One possible solution to the issue surrounding the registration of a Muslim child born out of wedlock is by way of amendment to the Births and Deaths Registration Act.

IN Islam, marriage is regarded as an important institution, which ascribes, inter alia, the paternity and identity of child, among others.

Adultery and fornication are considered despicable, and a heavy punishment is prescribed, namely, death penalty and hundred lashes, respectively. All legal schools of Islam are unanimous that the minimum gestation period is six months.

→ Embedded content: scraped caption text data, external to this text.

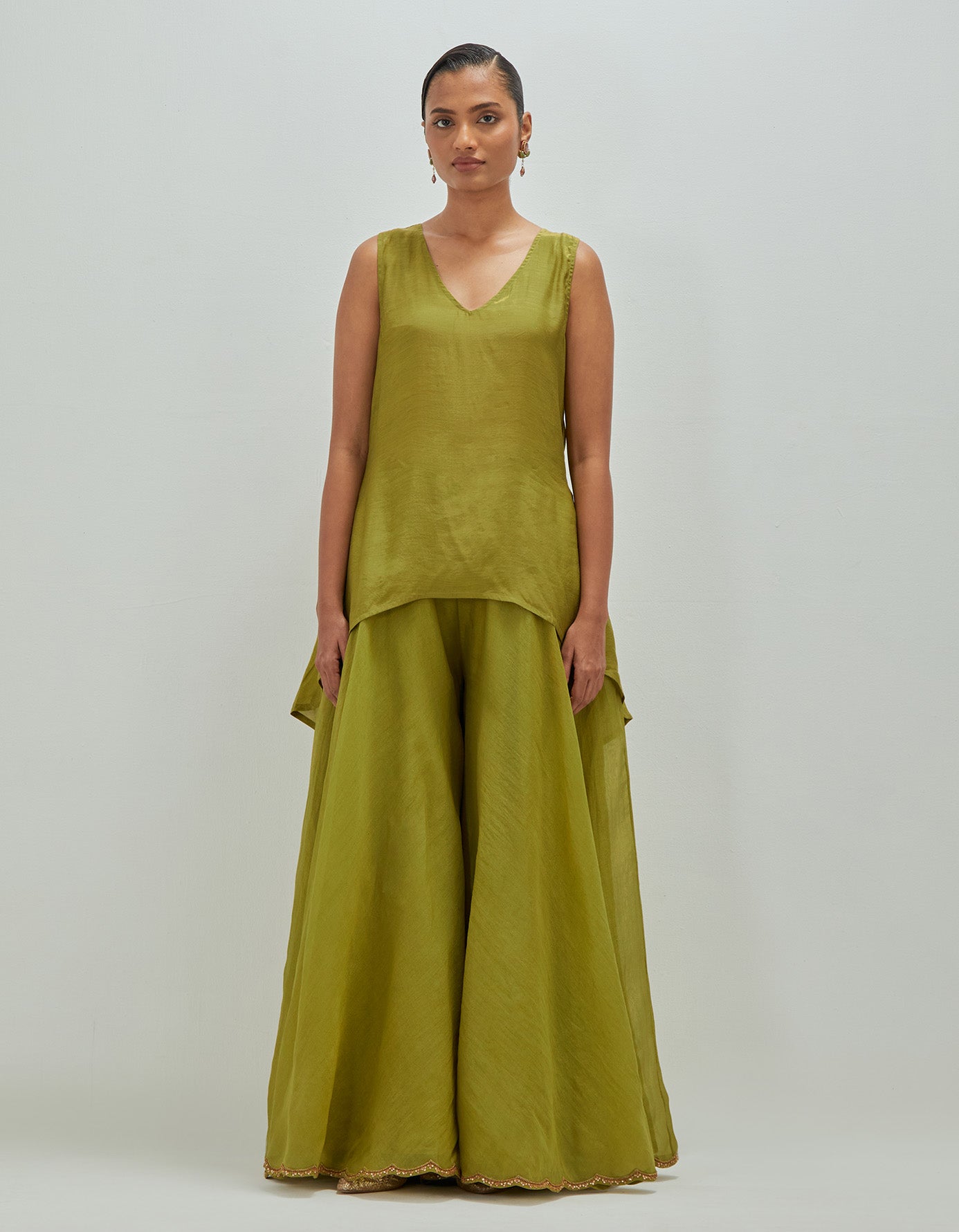 Peplum Sharara Set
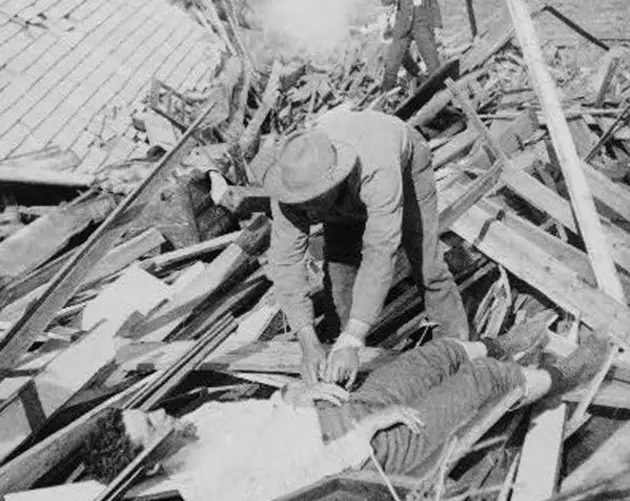 Looter After The Galveston Hurricane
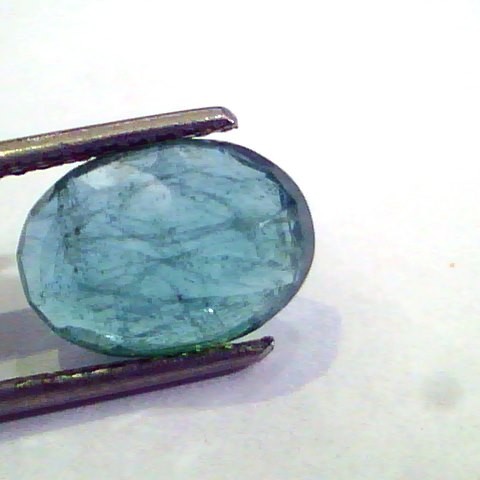 3.48 Ct Untreated Natural Zambian Emerald Gemstone Panna stone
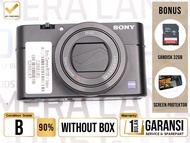 Sony DSC-RX100 V Cyber-shot Kamera Compact Digital Pocket Digicam Used Second Mulus RX100 5 - Grade 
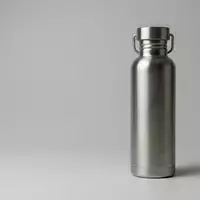 Fotorealistische Studioaufnahme von Isolierflasche zum Thema Sigg Hot & Cold, klare Lichtfuehrung - Foto: THN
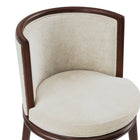 Manhattan Comfort Evalyn Modern Wood Upholstered Barstool in Cream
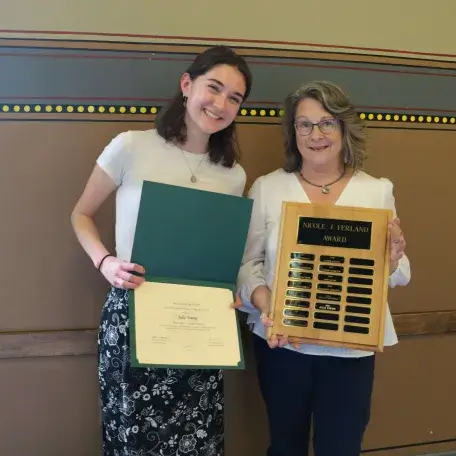 Julia Young with award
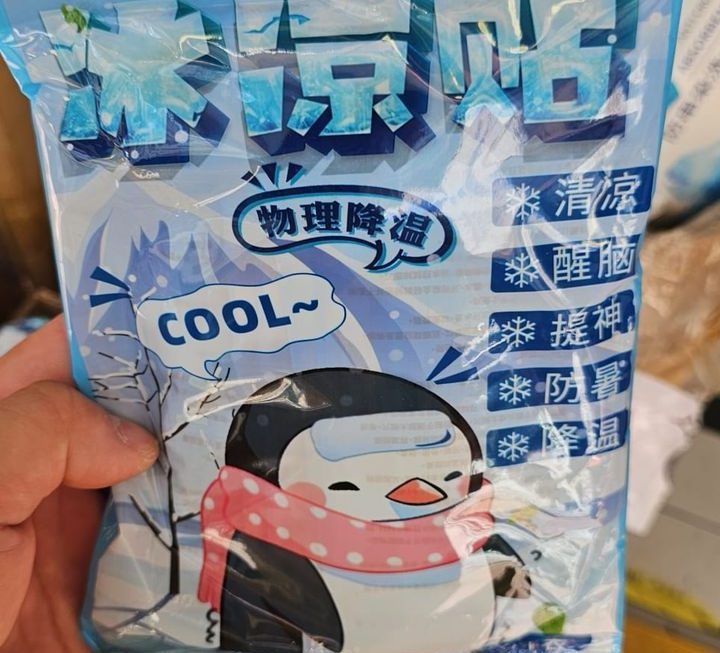 $9 冰涼貼一包內有 20片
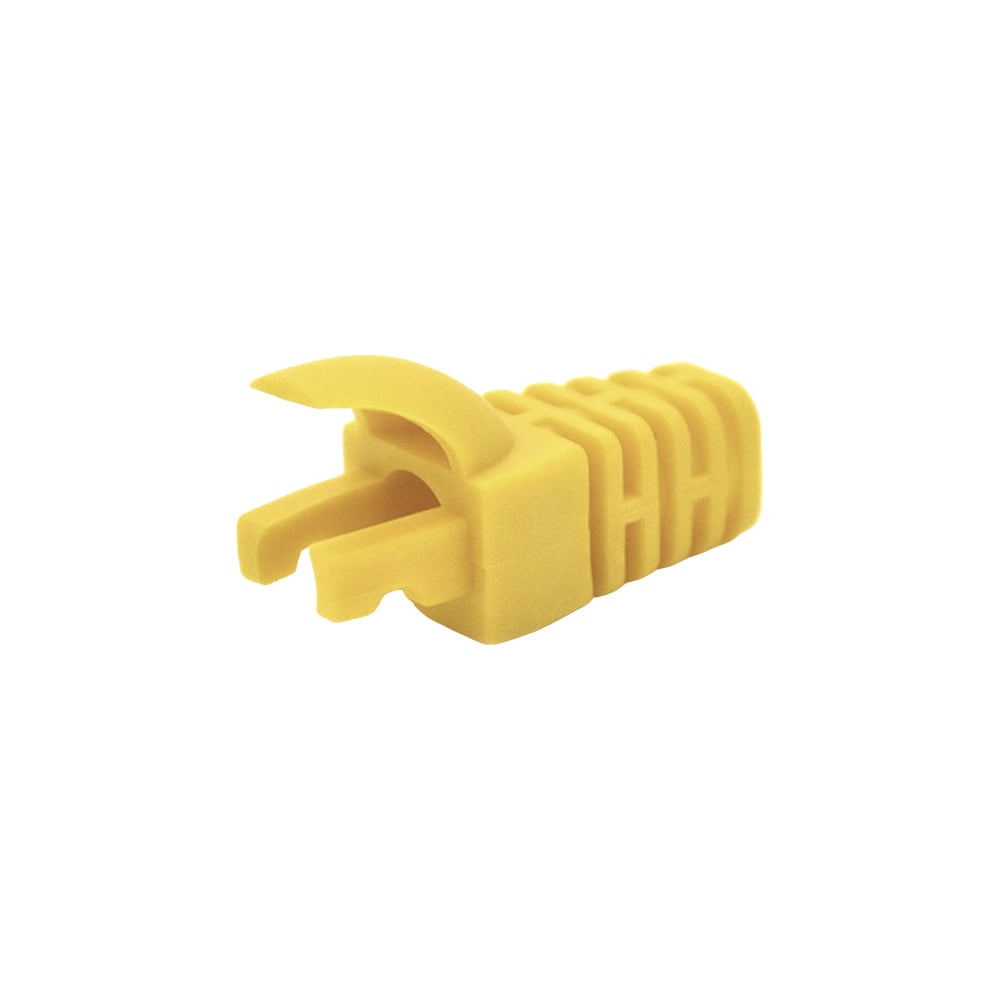 Чохол ізолюючий для роз'єму RJ-45 Cat.5/Cat.6, (N) ПВХ жовтий, 100 шт. купити в Україні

The Syariah Criminal Offences (Federal Territories) Act 1997 provides that a woman who gives birth to a fully developed child within a period of six qamariah months from the date of her marriage shall be deemed to have been pregnant out of wedlock.

If a child is born less than the aforesaid period, or a child is born out of wedlock, the lineage is not established to the putative father.

Hence, Islam emphasises legitimate offspring from a valid marriage, where in a child will have rights, such as the right to inherit, maintenance, the father’s right to act as a guardian of the child and property until maturity, as well as prohibition of its marriage with his sibling, among others.

Further, birth registration and the right to a name and nationality is a civil right of every child as provided in national and international instruments, such as the United Nations Convention on the Rights of the Child, which Malaysia ratified in 1995 and the Child Act 2001, among others.

An illegitimate child can only be related to his mother and has no relationship with the biological father.

The Islamic Family Law (Federal Territories) Act 1984 provides that the custody of illegitimate children appertains exclusively to the mother and her relations.

Even the citizenship status of the illegitimate child depends on the citizenship of the mother. An illegitimate child can still be acknowledged by the father pursuant to the Legitimacy Act 1961 provided that certain conditions set therein are observed.

This act, however, does not extend its application to Muslims.

The conflict between civil and Islamic law has resurfaced with the recent Court of Appeal ruling that allowed an illegitimate child born to a Muslim couple to use his biological father’s name as the surname.

This runs contrary to the fatwa issued by the National Fatwa Committee of the National Council for Islamic Affairs in 2003, which provides, inter alia, that a child conceived out of wedlock cannot be ascribed the name of his father, but must be ascribed the surname “Abdullah”. This is so even when his parents had already been legally married at the time of his birth.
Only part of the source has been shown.